Likewise, using an annotated field opened up possibilities for retrieving the classes to run as part of a suite. Johannes Link’s handy ClasspathSuite can be recast as an alternative implementation of Classes above, along with a host of other ways to find the classes to run.
Taking a Step Back
I’m a big fan of declarative expression in programming languages. Annotations are superior to convention (like naming all test methods “test…”) for declaring intent because they can be checked by the compiler. The addition of parameters to annotations makes them even more expressive. However, annotations attached to elements fully determined at compile time (like classes and methods) are fundamentally limited.
The problem is the coupling between intention and implementation. An annotation attached to a class specifies both intention (i.e. “run this class as a test in a certain way”) with an implementation (“this exact class right here”). Conflating intention and implementation limits the flexibility and power of annotations.
Annotations on fields separates intention and implementation. The intention is attached to the field while the implementation is specified by the value of the field, which can vary at runtime. It is this separation, and the flexibility it buys, that is the secret behind rules and this proposed new test suite semantics and syntax.
I’m still getting used to annotations and what they are capable of. I know I’ll be looking for ways to annotate fields in the future instead of classes or methods if I have the option.
I like the new syntax. When do we get it in a officially released version (even when it is still in the experimental package)?
Fascinating! I see how the separation of intention and implementation opens up new possibilities. As you said, compile time intention and runtime targets of that intention. Thanks for such a great post.

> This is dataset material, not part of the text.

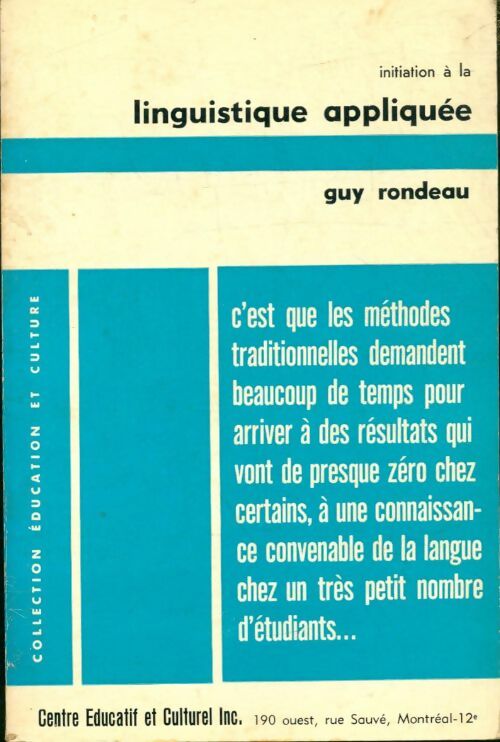 Livrenpoche : Linguistique appliquée - Guy Rondeau - Livre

We’ll clean it up and put it in the experimental package next week. It’s just so much better that I have little worries about whether it’s viable.
OK, I give up. Annotations are useful.
I reluctantly concur.
[...] Field Annotations Unexpectedly Rock, jUnit. http://www.threeriversinstitute.org/blog/?p=456 [...]

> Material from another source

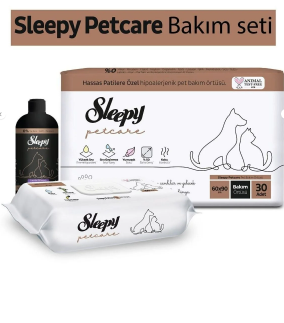 Sleepy Petcare Bakım Seti ( 30'lu Pet Bakım Örtüsü + 60 Yaprak Islak Havlu + 500 Ml Şampuan )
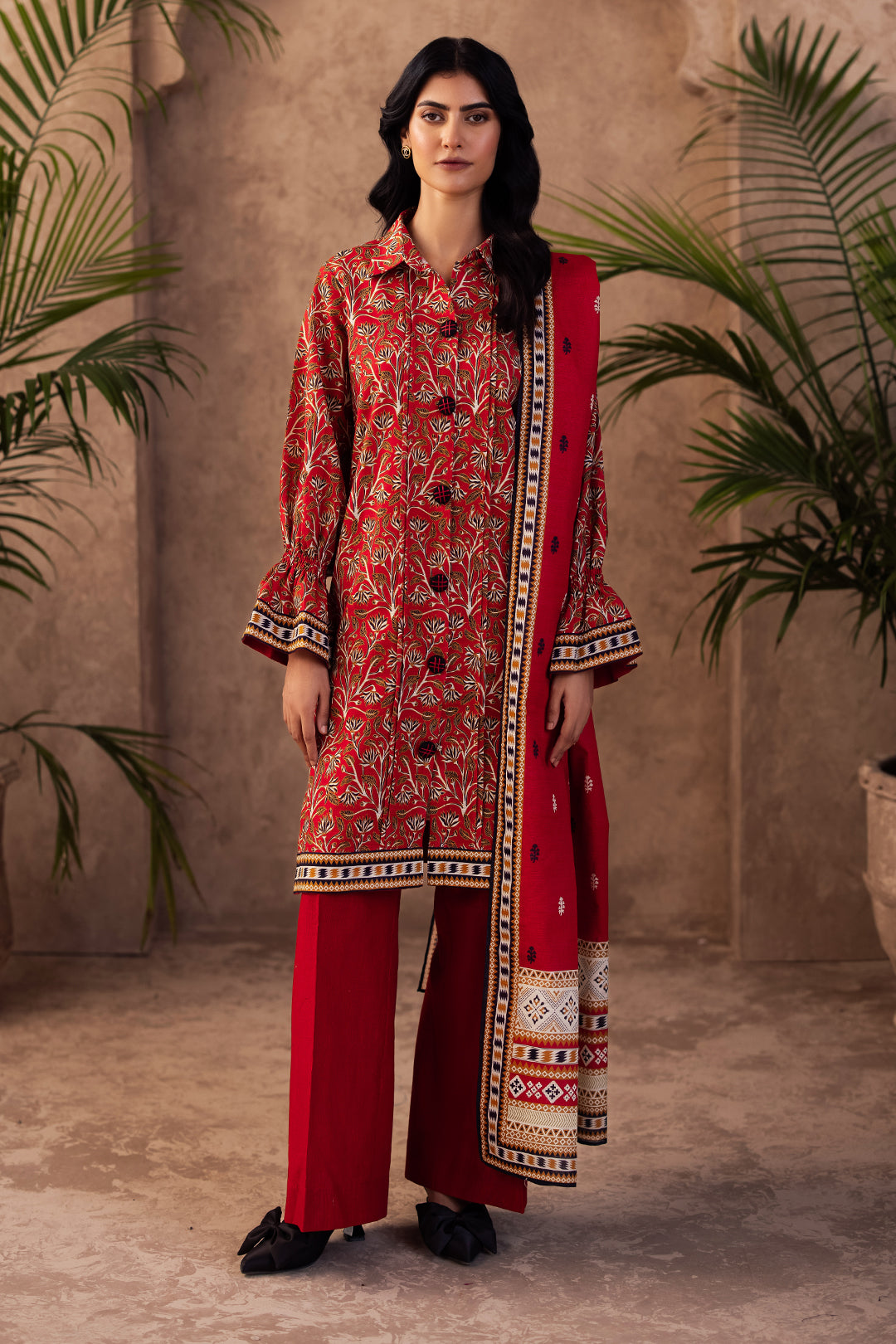 Zellbury | Unstitched 3 Piece Khaddar | Shirt Shalwar Dupatta - 0189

The link to this article was forwarded to me by my manager Steve Morrow when I was asking what would be a best way to embed requirements traceability into our tests so that, we can pick and choose tests for a particular functionality.

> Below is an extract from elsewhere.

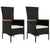 Garden Chairs with Cushions 2 pcs Poly Rattan Black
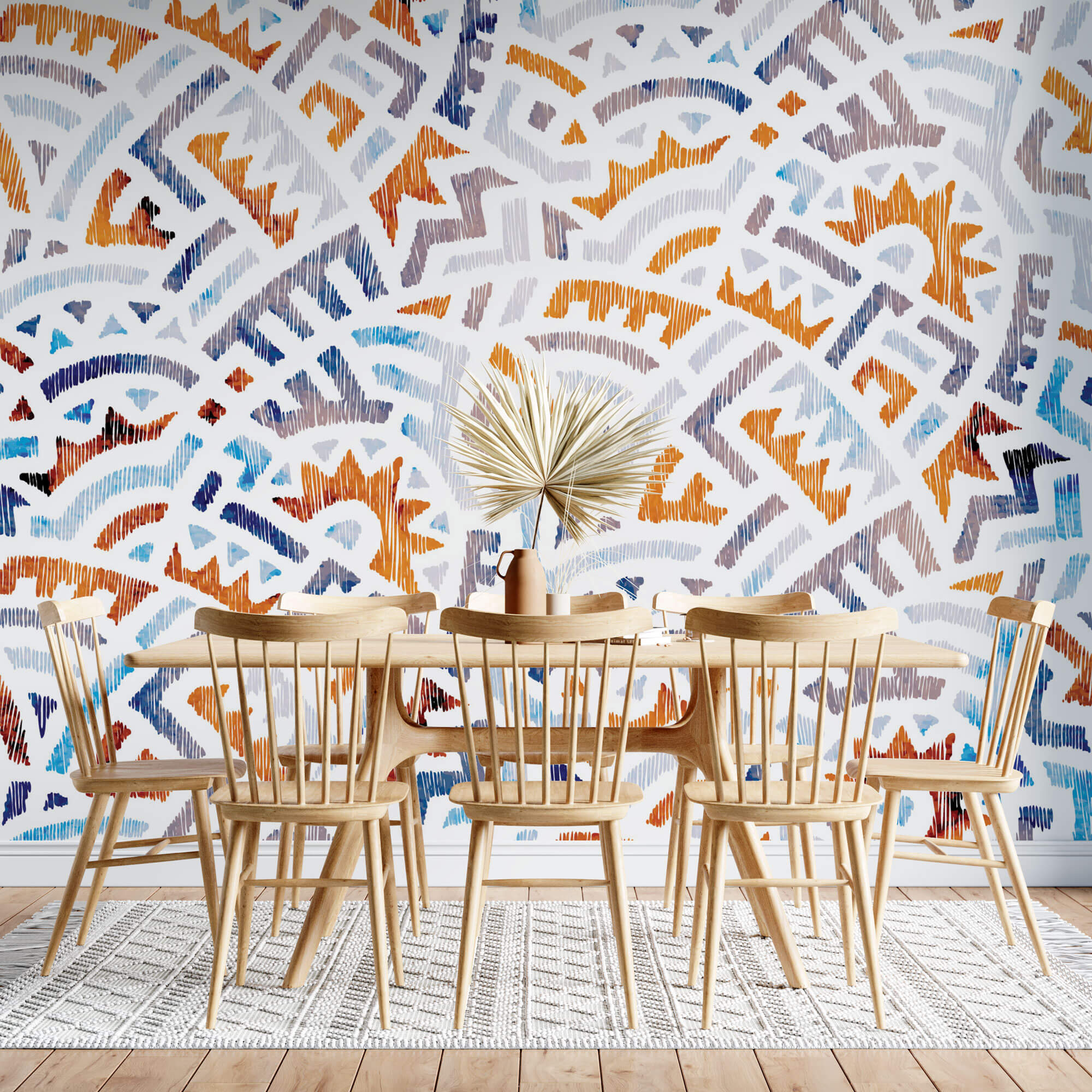 Tapet Personalizat Patterns cu arcade colorate in stil portughez - PORTUGUESE ARCH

This artcile is right on by highlighting the coupling between intention and implementation. I need to dig deep into the rules api which comes with JUnit. I am just leaving this comment so that others might think about this and come up with other ways to get traceability. I do know that xUnit Test Patterns by Gerard Meszaros talks about organizing tests. But I am afraid that organizing tests only goes so far when traceability considered.
But definitely annotations on fields enable to have different behaviors when runing unit tests.